PAGES OF TESTIMONY FROM YAD VASHEM
by M. Traub and D. Fleishman-Traub, Tel-Aviv
Kupishuk - located in the forest on the river Kupe, 40 kilometers east of the capital
As the onset of the Holocaust, there were 1,500 Jews living there. The German army
captured the town on June 26, 1941, when it was inhabited by many Jews who came there by
foot from Ponevez, Subich and Vishinto. Many Jews also came there by horse and buggy.
Shortly, the atrocities began. The Jews were put into ghettos and were given inadequate
housing on Vilna Street. They lived in the old fire department headquarters where they
were crowded and living conditions were unbelievable. They were given almost no food or
Immediately, large groups were taken out to be slaughtered. The actual work was done by
Lithuanian activists who were residents of Kupishuk before the German occupation.
The Germans appointed a German resident named Luva as commander of the town. He came to
Kupishuk during the Russian occupation claiming he was wounded by the Germans. The
Russians took pity on him and made him a teacher in a gymnasia and he won their trust by
posing as a Communist. Later, it became clear that he was a Nazi.
According to his records, he arrested 25 people, kept them in a cellar, and in July,
took them out behind the railroad station and killed them. The next group of Jews he
arrested was larger and consisted of most males and a few younger women. He took all 41 of
them on August, 1941, to the rear of the monastery and killed some. The rest he killed
behind the Lithuanian gymnasia. He killed a third group in a similar manner. This was all
done by Lithuanians under Luva's supervision.
The intelligentzia of the city also have blood on their hands. The head of the police,
P. Graizunas and his assistant, V. Gadialis, along with the gym teacher Kargzdieta, and
Luva's lover, Zikunis, took part in this.
Along with them, were graduates of the Lithuanian gymnasia including: Yukanis,
Tchumshumis, Dubrindis, Dambraukartis and others, who helped uproot Jews from their hiding
places. By September, 1941, not one Jew remained in Kupishuk.
Among the 3,000 Jews killed were some from Vishinta, Shmantze, Plivna, and some from
Subech and othe small communities.
There was a priest named Ragouskas who was a teacher in the Kupishuk gymnasia. He was
disenchanted with Catholicism and tried to save some Jews, but it was in vain since Luva
and his followers found them.
Dr.

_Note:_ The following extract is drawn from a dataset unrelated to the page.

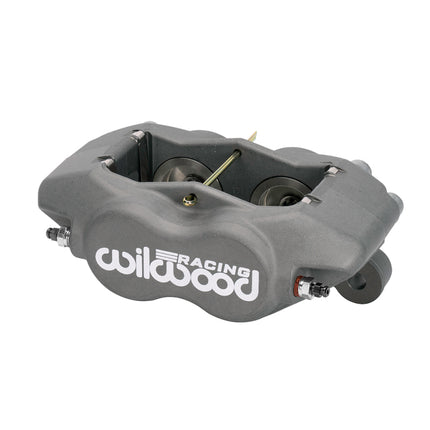 Wilwood caliper FDLI ST 1.38 .81 rotor ANO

J. Franzkevich was the doctor in Kupishuk and tried to save the Rebbetzin
Pertzovsky and Mrs. Meyerovitz and her children, but they were killed.
One of the first young Jews to revolt was I. Gershumet. Along with him was: Ch. Yutin,
H. Shoistevnia, Tzundel, and their friends. They revolted against their Lithuanian
students who aided the Nazis. They wounded 2 students which caused even more hatred
towards the Jews.
Only 3 Jewish cemeteries remained in Kupishuk. One behind Casa Caten, one near the
seminary and a small one near the railroad station.
The Jews who tried to escape were killed along with the others. Very few succeeded in
reaching Russia and few remained in the Vilna or Kovna ghettos.
After the War, the Kupishuker survivors organized and built a monument for the fallen,
written in Lithuanian, Russian and Yiddish. They wanted to erect this monument where the
Kupishukers were killed, but the Russian government wouldn't allow it and the monument was
kept in an office until 1953 when it was moved elsewhere. On it was inscribed
"Casualties of the Facists in Russian and Lithuanian.
In the cemetery logbook titled, "The Slaughter of the Public in Lithuania",
it reveals 3 places of murder in Kupishuk.
The first place is at the end of Gidamin Street in Kupishuk, near the priests'
cemetery. The date of the slaughter was late in 1941 and about 1,000 people were killed.
The second place is near the Jewish cemetery on the River Kupe where, late in 1941,
2,700 people were killed.
The third is the Slavantziskis forest, 1 kilometer from the railroad station toward
Shimyana. The date is June 28, 1941, and 78 people were killed.